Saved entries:
┌────────

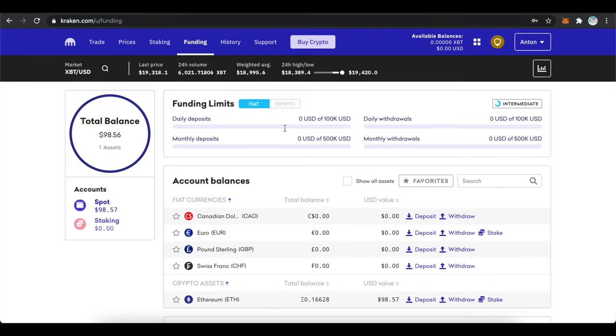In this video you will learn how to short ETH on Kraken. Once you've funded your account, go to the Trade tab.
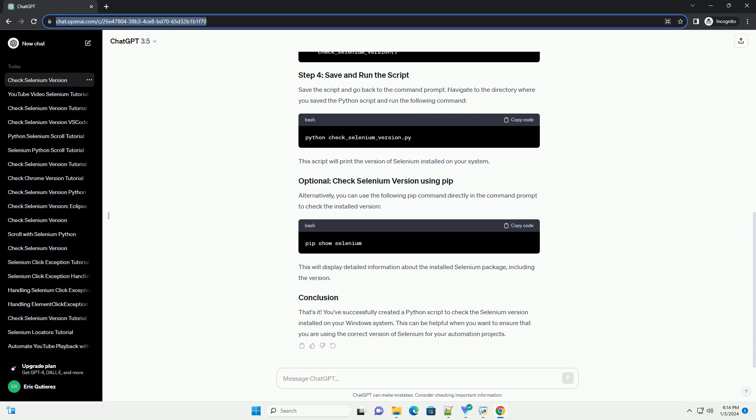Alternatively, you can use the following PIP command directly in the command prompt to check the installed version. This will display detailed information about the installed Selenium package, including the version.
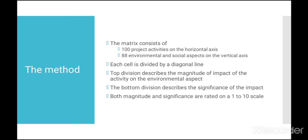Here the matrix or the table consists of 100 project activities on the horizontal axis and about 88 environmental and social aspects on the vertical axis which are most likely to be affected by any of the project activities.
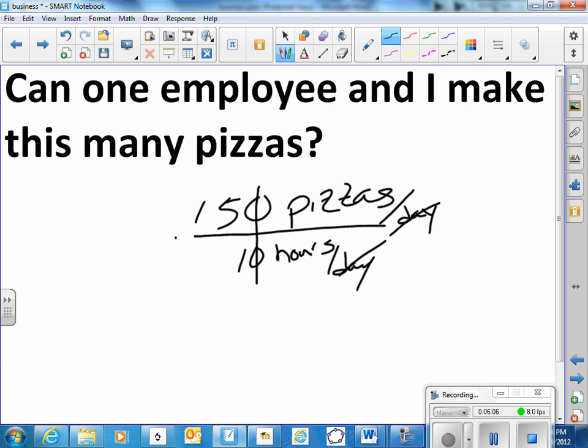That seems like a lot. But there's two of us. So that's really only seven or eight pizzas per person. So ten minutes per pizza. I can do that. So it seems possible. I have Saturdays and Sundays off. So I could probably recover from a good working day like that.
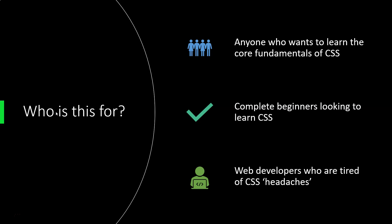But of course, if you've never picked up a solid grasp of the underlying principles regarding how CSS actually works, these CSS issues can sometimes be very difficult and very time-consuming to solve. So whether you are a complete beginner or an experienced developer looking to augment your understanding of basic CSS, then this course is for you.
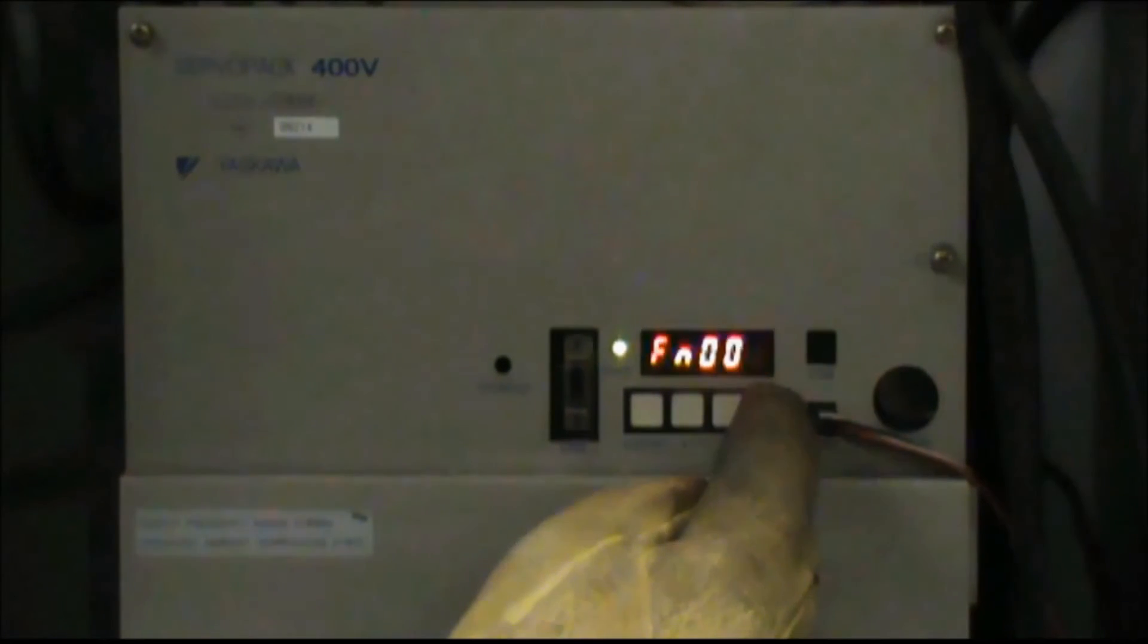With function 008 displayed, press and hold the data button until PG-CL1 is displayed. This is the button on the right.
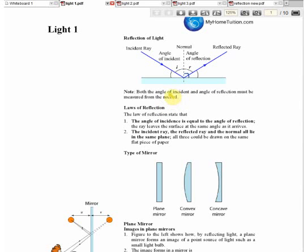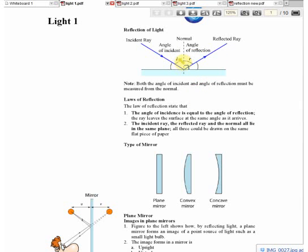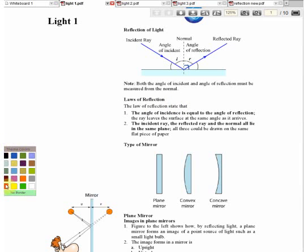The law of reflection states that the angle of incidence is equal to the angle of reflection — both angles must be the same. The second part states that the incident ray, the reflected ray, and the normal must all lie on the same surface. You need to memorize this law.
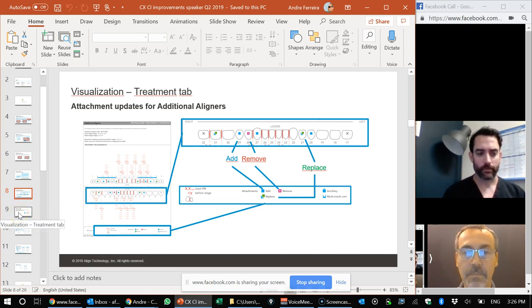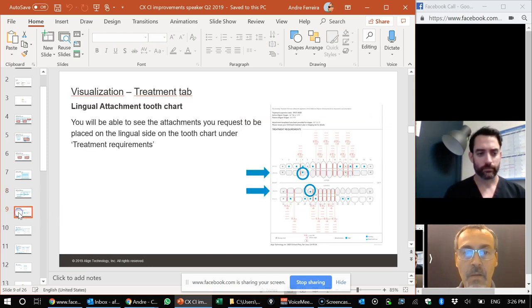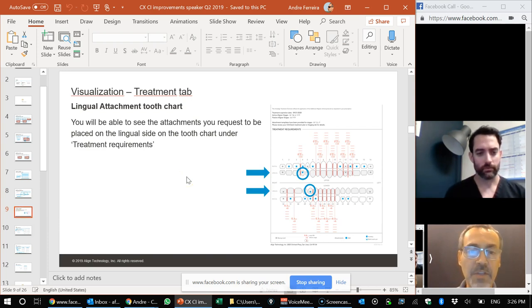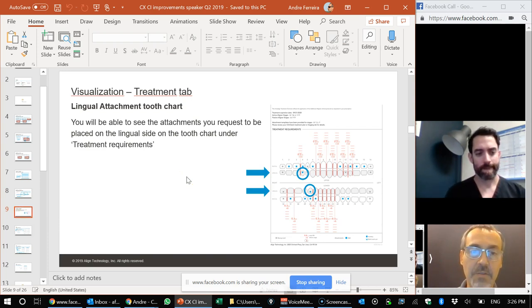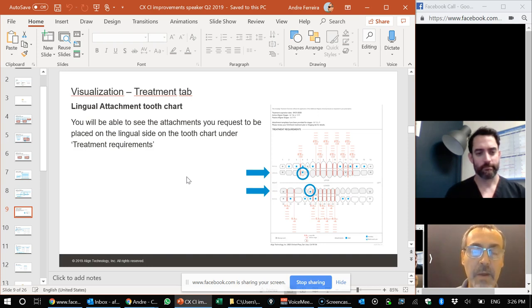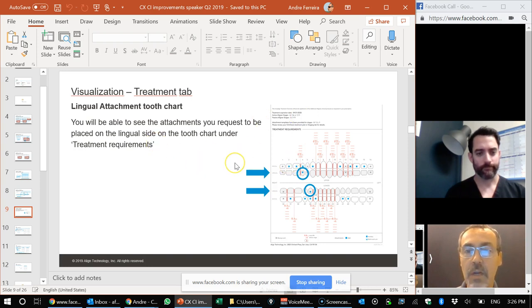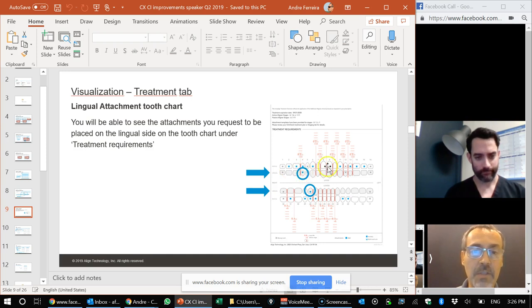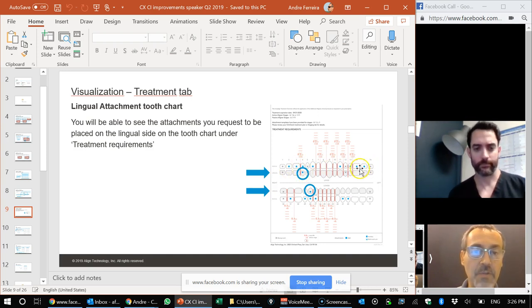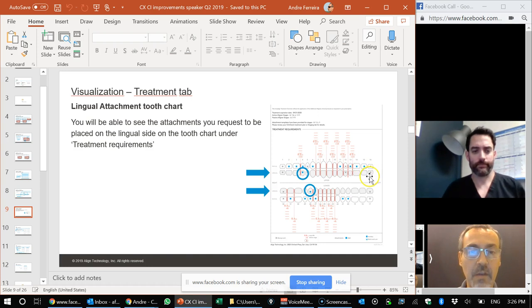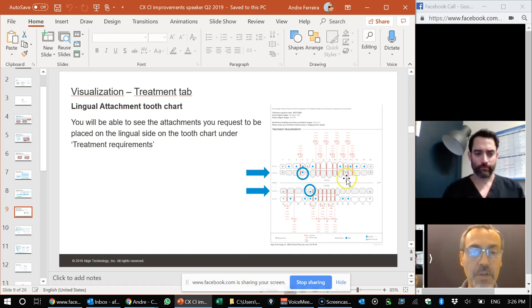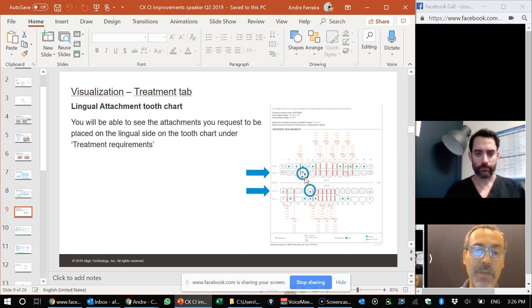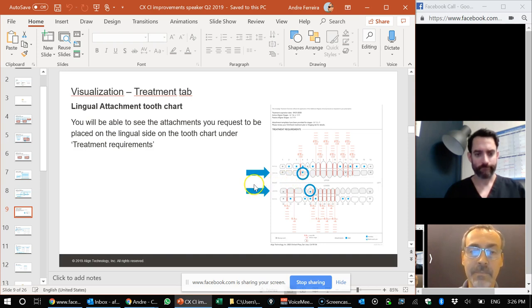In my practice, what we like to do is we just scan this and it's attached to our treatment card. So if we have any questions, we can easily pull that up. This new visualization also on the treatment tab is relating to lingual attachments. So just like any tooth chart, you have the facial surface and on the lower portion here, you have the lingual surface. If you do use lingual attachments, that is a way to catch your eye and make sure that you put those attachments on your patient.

└────────

* _YOUR GOAL_
From the data above, return only the lines starting at the line that holds "Here the matrix" and ending at the line that holds "But of course, if", word for word and without pictures.

* _TASK SOLUTION_
Here the matrix or the table consists of 100 project activities on the horizontal axis and about 88 environmental and social aspects on the vertical axis which are most likely to be affected by any of the project activities.
That seems like a lot. But there's two of us. So that's really only seven or eight pizzas per person. So ten minutes per pizza. I can do that. So it seems possible. I have Saturdays and Sundays off. So I could probably recover from a good working day like that.
But of course, if you've never picked up a solid grasp of the underlying principles regarding how CSS actually works, these CSS issues can sometimes be very difficult and very time-consuming to solve. So whether you are a complete beginner or an experienced developer looking to augment your understanding of basic CSS, then this course is for you.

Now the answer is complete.